Das Paar ließ sich davon aber nicht abbringen. Als erste starb die Frau. Sie wurde - vermutlich, als sie sich mit einer Schusswaffe wehren wollte - von den Piraten erschossen. Ihre Leiche wurde auf der verlassenen Jacht, der „Rockall“, entdeckt. Der Skipper selbst wurde nach Jolo verschleppt, die Hochburg der Islamisten, die schon seit Jahrzehnten für die Autonomie von Manila kämpfen.
Der 70-Jährige und seine Lebensgefährtin waren schon seit vielen Jahren zusammen auf den Weltmeeren unterwegs. Welches Risiko sie eingingen, wussten sie: Im Juni 2008 wurden sie schon einmal entführt, damals vor der Küste Somalias. Die Piraten schleppten die „Rockall“ bis ins Landesinnere. Erst nach 52 Tagen kamen die beiden frei. Angeblich wurden 600 000 US-Dollar Lösegeld gezahlt. Eine offizielle Bestätigung dafür gab es nie.

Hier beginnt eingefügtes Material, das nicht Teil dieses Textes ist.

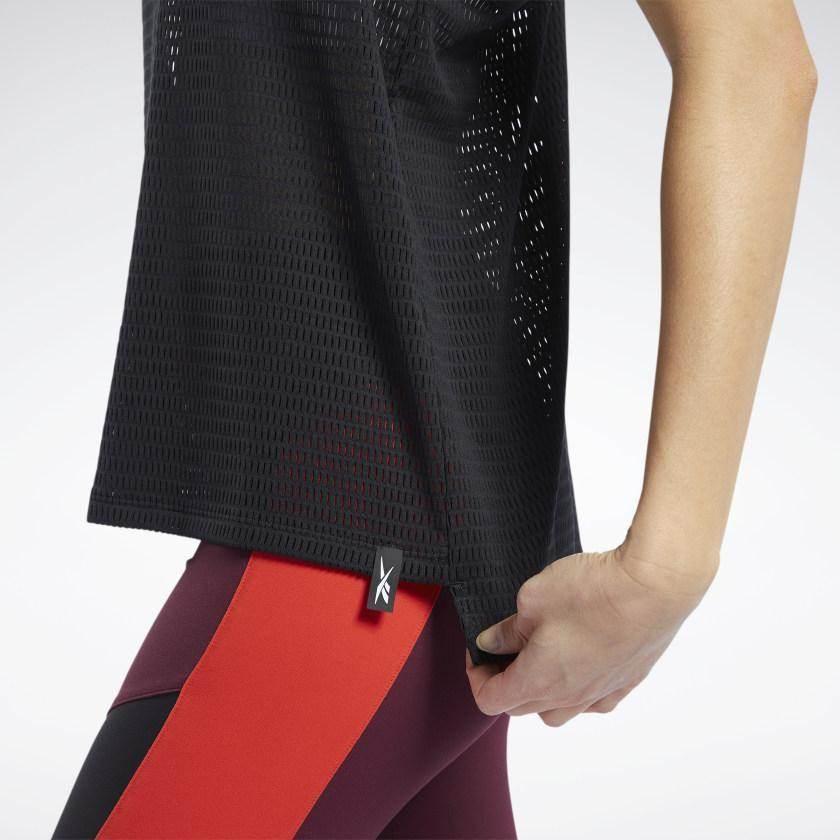 גופיית ריבוק לנשים Reebok TS PERF TANK FU2033 - Image 7
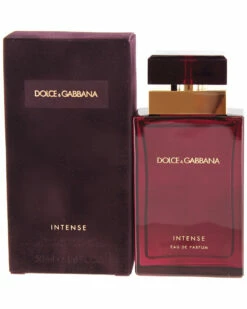 Dolce & Gabbana Women's 1.7oz Dolce & Gabbana Pour Femme Intense EDP Spray Fragrance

Nach der Freilassung lebte das Paar ein paar Monate in Deutschland, bei der Mutter des Skippers in der Nähe von Stuttgart. Der gelernte Heizungsbauer fand dann aber heraus, dass er die „Rockall“ aus Somalia zurückholen könne. Trotz aller Warnungen der deutschen Behörden fuhr er nochmals dorthin, holte die Lebensgefährtin hinterher, möbelte das 35 Jahre alte Schiff auf und fuhr wieder los.
Kurz zuvor gab der Skipper dem Seglermagazin „Yacht“ noch ein Interview. „Ich bete zu Gott, dass sie uns nicht noch einmal erwischen“, sagte er. Er wehrte sich aber auch gegen den Vorwurf, leichtsinnig zu handeln. „Was wir erlebt haben, werden wir mit absoluter Sicherheit niemals wieder erleben. Allen Ernstes: Lieber lassen wir uns umbringen. Ich würde kämpfen, egal wie, mit allem, was ich habe. Ich gehe definitiv nicht wieder in Gefangenschaft.“
Es kam anders. Wenige Stunden nach Veröffentlichung des Videos wurde auch von offizieller Seite bestätigt, dass es sich bei dem Toten aus dem Dschungel um den Deutschen handelt. Bundeskanzlerin Angela Merkel verurteilte die „abscheuliche Tat“, die ein weiteres Mal zeige, wie gewissenlos und unmenschlich diese Terroristen vorgingen. „Wir alle müssen zusammenstehen und den Kampf gegen sie führen.“
Ähnlich äußerte sich in Manila auch einer der Berater von Präsident Rodrigo Duterte, Jesus Dureza. Der Spitzenbeamte - zuständig für den Friedensprozess in dem Inselstaat - sagte: „Wir haben alle unser Bestes gegeben. Aber ohne Erfolg.“ Nach Schätzungen hat Abu Sayyaf auf den Inseln aktuell noch etwa zwei Dutzend weitere Geiseln in ihrer Gewalt. Deutsche sind nach allem, was man weiß, keine mehr darunter.